MPAA Rated: Not rated, but would be R for sexual references, drug content, and langauage
Running Time: 109 min.

Cast: Sonja Bennett, Paul Campbell, James Caan, Danny Trejo, Laura Harris, Carrie Ruscheinsky, Denise Jones, Lisa Durupt, Jared Keeso
Director: Jacob Tierney
Screenplay: Sonja Bennett

Review published January 29, 2015

With all of the hullabaloo about American Sniper and its unintentionally humorous use of a fake baby in one of the film's key dramatic scenes, perhaps it is a good time to discuss another film in which a fake baby is used to get some intentional laughs.

Sonja Bennett (The Fog, Punch), who wrote the original screenplay (her first), stars as Ruth, a thirty-five-year-old slacker stuck in arrested development, unmarried, still living with her father (Caan, Cloudy with a Chance of Meatballs 2), and still doing the same supermarket cashier job she's had since she was 15.  She still smokes, drinks, and listens to the same music of her youth (CeCe Peniston's "Finally" is a fave go-to), but is soon finding that what once made her cool is now making her appear a bit pathetic.  With all of her friends able to move on and have husbands and children of their own, and after making an ass of herself at one of her besties' baby showers, Ruth is told she just doesn't fit in anymore, furthering her shift from loser to loner in a very real way.

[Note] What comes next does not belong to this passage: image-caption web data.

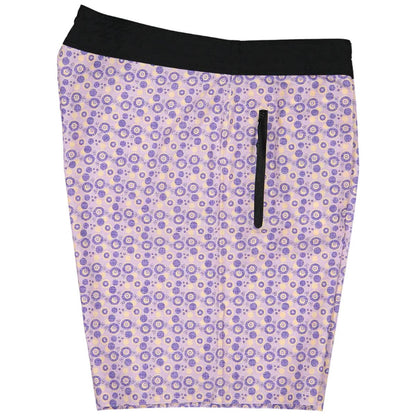 Futah Vortex Mocha men's swim shorts with repeating violet and blue circular pattern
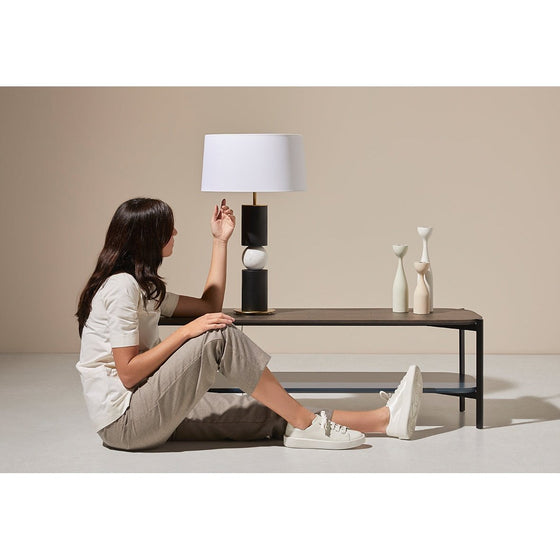 Mujer con ropa informal sentada en el suelo y tocando la Lámpara de mesa Alda, con jarrones decorativos cerca en un ambiente de tonos neutros y diseño contemporáneo.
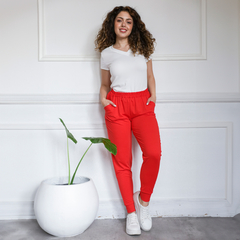 Modelo posando con babuchas rojas y camiseta blanca, junto a una planta en maceta blanca.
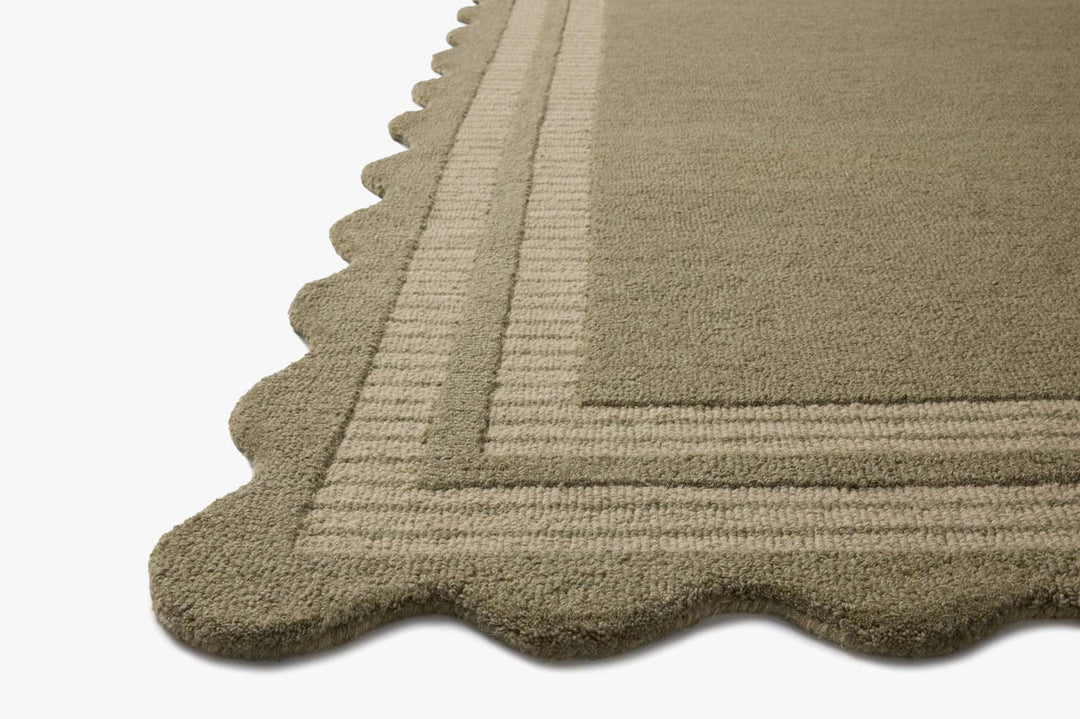 Angled view of the Scottie Olive/Pebble rug showing pile depth and the lower-pile striped scalloped edge - Loloi Rugs - Whats New Furniture Portland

Through a series of coincidences too amusing to relate without spoiling some of the laughs, Ruth finds herself faking a pregnancy in order to keep her job, please her father, annoy her desirous-for-child younger sister (Durupt, "Less Than Kind"), gain the love of a potential new beau (Campbell, 88 Minutes), and get back into the inner circle of friends.  She wants to come clean, but doesn't want to jeopardize all that she has been successful in building up, now that people are treating her with a newfound respect.  The question is, she has only a few months to make good before people catch on that she's perpetrating a fraud to them all.

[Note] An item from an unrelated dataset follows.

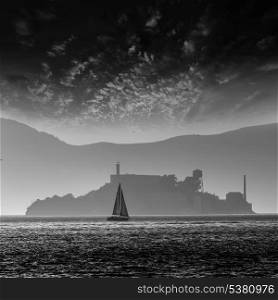 Alcatraz island penitentiary at sunset backlight sailboat in san Francisco California USA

Not without its moments of amusement, Preggoland plays out more like an extended episode of an HBO original comedy than it does a full-fledged feature film. There are plenty of potentially big laughs to be had for those who, well, laugh easily at mildly rude humor, though the movie is filled with contrived moments that will likely run a bit too obvious in its approach to more seasoned comedy film-goers. 

Bennett does bring forth an adequate amount of comedy from the premise, enough to make it watchable in a low-rent indie sort of way, but the direction by Jacob Tierney, while not bad, isn't able to completely cover over the machinations of the gags.  And some of those gags feel like retreads of jokes we've seen in other comedies, both big screen and small, which is why I feel like those who don't regularly feast of awkward-moment comedies will have more mileage than those who've seen their fair share. (My film-festival crowd of predominantly middle-aged-and-up women found even the most trite of sight gags to be gut-busters).

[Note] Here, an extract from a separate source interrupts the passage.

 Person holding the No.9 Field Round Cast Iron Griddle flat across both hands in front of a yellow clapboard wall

Still, even if the timing of the comedy and stiff quality of the performances leave a lot of room for improvement, I won't say that it grows tiresome overall, even if it does feel a bit redundant and slack from time to time (It could stand to benefit from a 20-minute trim-down).  It's not the sort of thing that will likely sate those who pay full ticket price, but on the small screen, it might be a hit, as the escalating-lie, TV-sitcom vibe will feel more at home at home.